Exercise data
——————

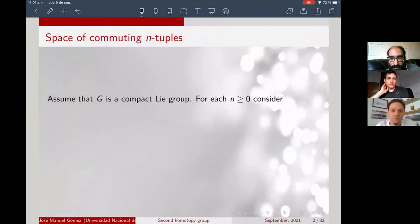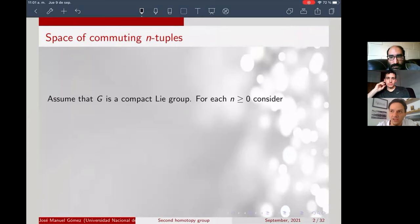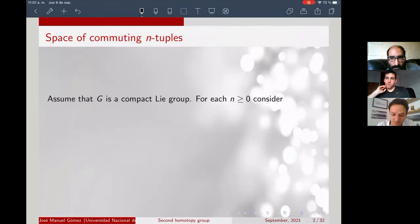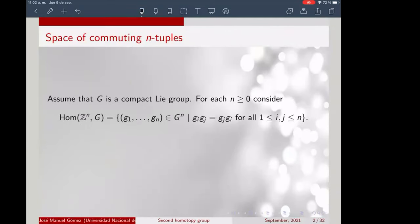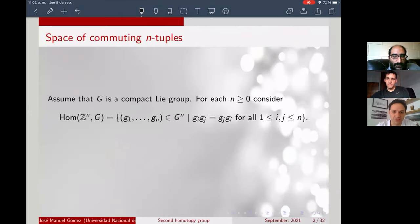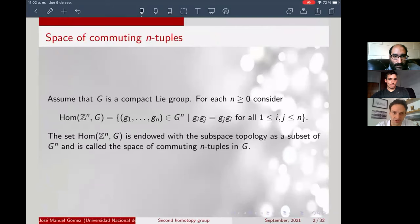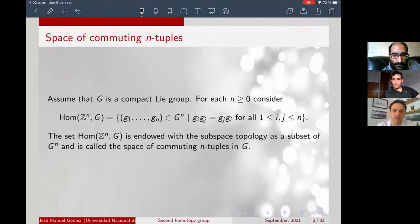The setup is basically the same as in the previous talks. I'm going to assume that G is a compact group, although this is not necessary — results for compact Lie groups can be extended to non-compact groups in some cases. We're going to be talking about the set of homomorphisms from Z^n to G, which can be identified with the set of ordered n-tuples in G that are pairwise commuting. We endow this set with the subspace topology as a subspace of G^n, and call that the space of commuting n-tuples.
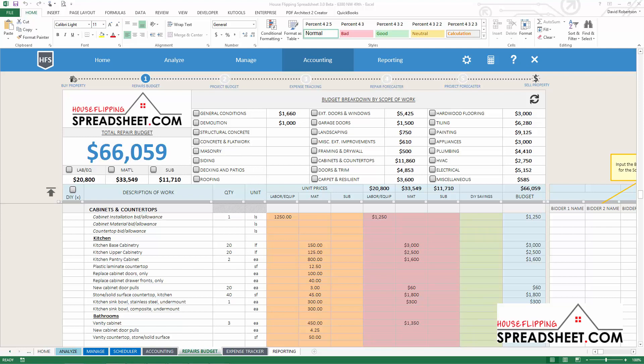Once you actually get a property under contract, you can then use the Repair Cost Budgeter to create a separate construction budget for managing costs during construction. And that is the real key difference between the Repair Cost Estimator and the Repair Cost Budgeter.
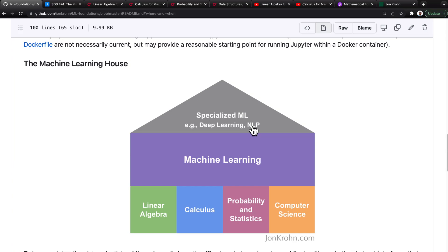The reason you need strong, firm foundations to understand these specialized domains is because the more specialized the application, the more likely its implementation details are available only in academic papers or graduate-level textbooks, either of which typically assume an understanding of the foundational subjects.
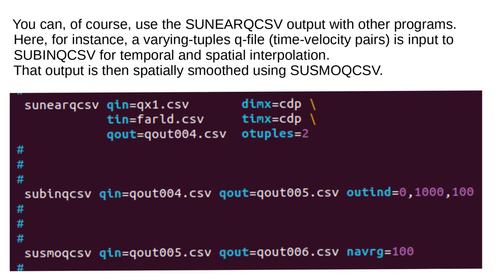You can, of course, use the SUNEARQCSV output with other programs. Here, for instance, a varying tuples Q file, time velocity pairs, is input to SUBINQCSV for temporal and spatial interpolation. That output is then spatially smoothed using SUSMOCKCSV.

——————

Assignment
Leave out the pictures and output the rest of the material exactly as written.

Answer box
The setup is basically the same as in the previous talks. I'm going to assume that G is a compact group, although this is not necessary — results for compact Lie groups can be extended to non-compact groups in some cases. We're going to be talking about the set of homomorphisms from Z^n to G, which can be identified with the set of ordered n-tuples in G that are pairwise commuting. We endow this set with the subspace topology as a subspace of G^n, and call that the space of commuting n-tuples.
Once you actually get a property under contract, you can then use the Repair Cost Budgeter to create a separate construction budget for managing costs during construction. And that is the real key difference between the Repair Cost Estimator and the Repair Cost Budgeter.
The reason you need strong, firm foundations to understand these specialized domains is because the more specialized the application, the more likely its implementation details are available only in academic papers or graduate-level textbooks, either of which typically assume an understanding of the foundational subjects.
You can, of course, use the SUNEARQCSV output with other programs. Here, for instance, a varying tuples Q file, time velocity pairs, is input to SUBINQCSV for temporal and spatial interpolation. That output is then spatially smoothed using SUSMOCKCSV.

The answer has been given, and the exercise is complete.